Community Comment: Part 29 - Usage of normalized versus denormalized data storage is dependent on usage patterns

  • Normalized versus denormalized data
  • Data storage dependent on usage patterns
  • Denormalized data makes reads efficient
  • Normalized data makes writes efficient

The comments I provided in reaction to a community discussion thread.

CEO at Business Intelligence Product Firm:

After 100s of conversations with analytics engineers, I'm convinced the way we build data pipelines needs to change.

We need a simpler, lower-effort way to build our data models. That's why I'm suggesting NERD modeling – Narrow, Entity-focused, Relational, and DRY:

The four pillars of NERD modeling:

Narrow:
Data teams are finally realizing they have too many models.

Recent…pricing discussions have been a trigger point for people to trim down.
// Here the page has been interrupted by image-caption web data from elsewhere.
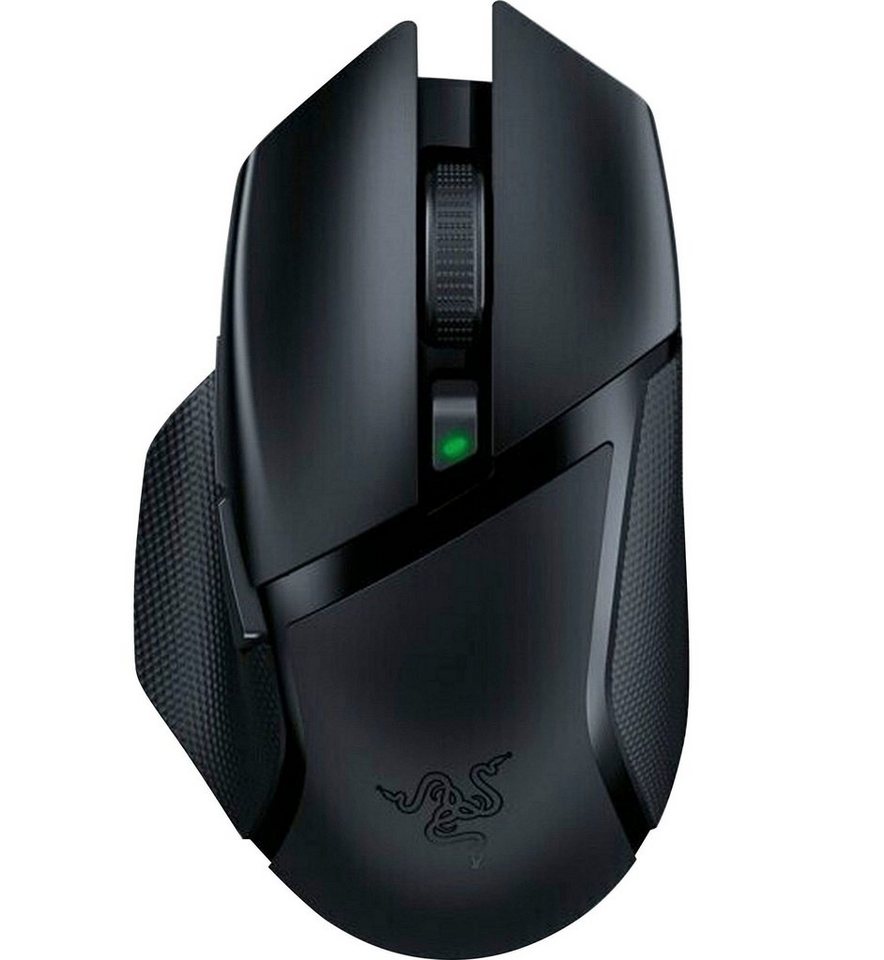 RAZER Basilisk X Hyperspeed Wireless Gaming Mouse Gaming-Maus von RAZER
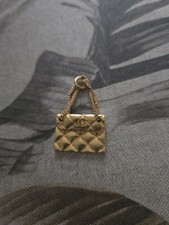 Chanel Bijou De Sac Vintage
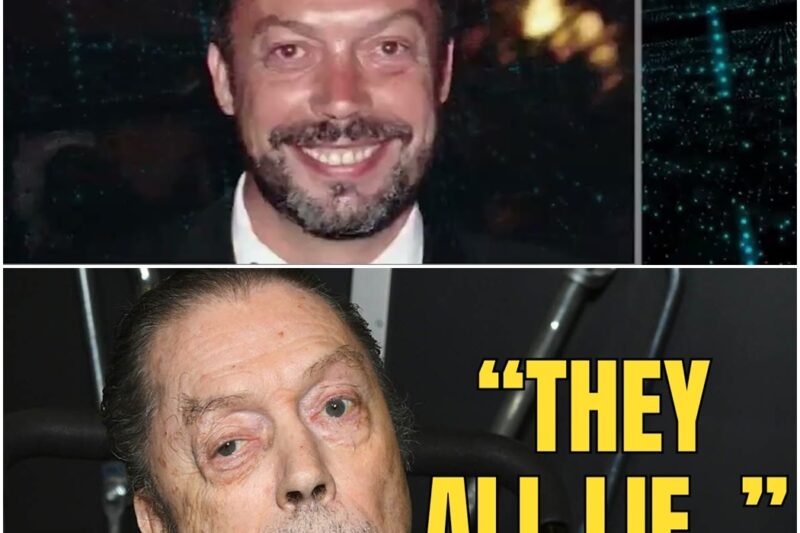 At 80, Tim Curry Breaks Down Why He Did Not Care about Oscar D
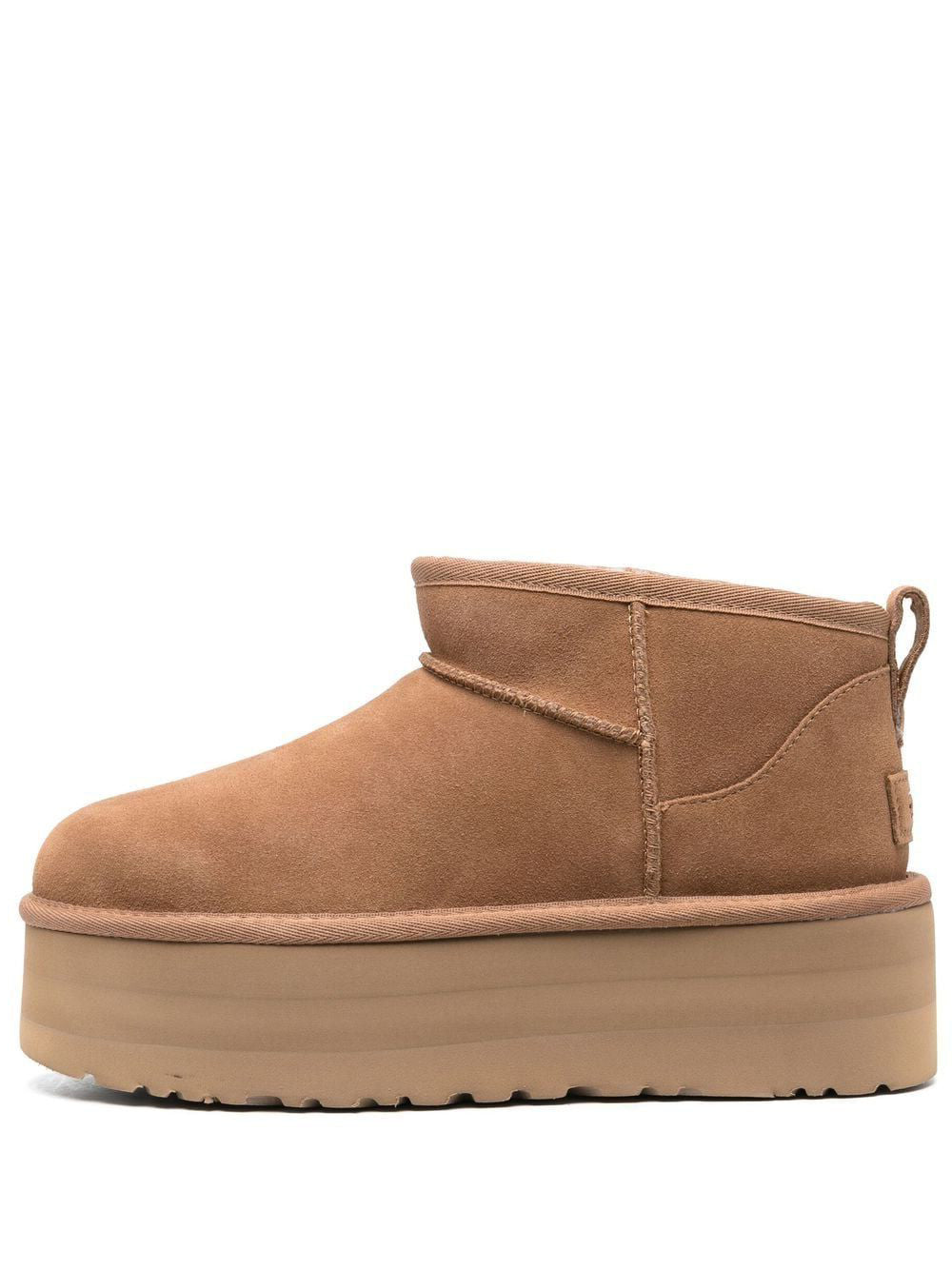 UGG-W CLASSIC ULTRA MINI PLATFORM-1135092 CHE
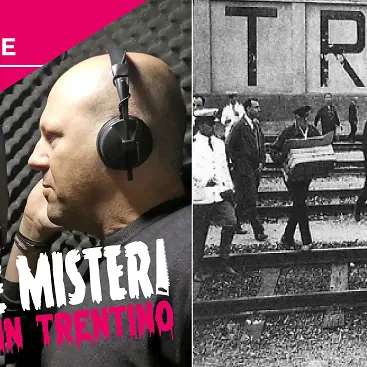 Inferno in stazione a Trento, una bomba uccide gli agenti Foti e Martini: i mandanti restano nell'ombra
But there's other reasons: larger data pipelines have more places to break, are less maintainable, and are harder to understand.

Keep data pipelines small by keeping them short. Minimize the number of models between the raw ingested data and the BI tool. If you have 5 steps to prepare and stage, you're probably doing it wrong.

Entity-focused:
Maxime Beauchemin recently introduced ECM (link below).

The Entity-Centric idea is brilliant. It means aggregating fact features up into the dimension tables. For eg. in your users table, you'd pre-calculate features such as 'logins_last_90_days.'

It's brilliant because:
(a) thinking about features by entity type is an intuitive way to consume data ('total five-star reviews by product'),
(b) this gives you a huge surface area to discover new insights. Every analytics project has inputs and outputs. What features drive which outcomes? Adding in entity features gives you a ton of new inputs to use.

You may have noticed this looks like Feature Engineering for machine learning. That's true. And since it works great for ML models, it's also very helpful for exploring data as a human.

But now – one area where NERD differs: it is…

Relational:
Lately everyone has been ditching facts/dims in favor of One Big Table (OBT). This makes sense if you haven't set up a semantic layer yet.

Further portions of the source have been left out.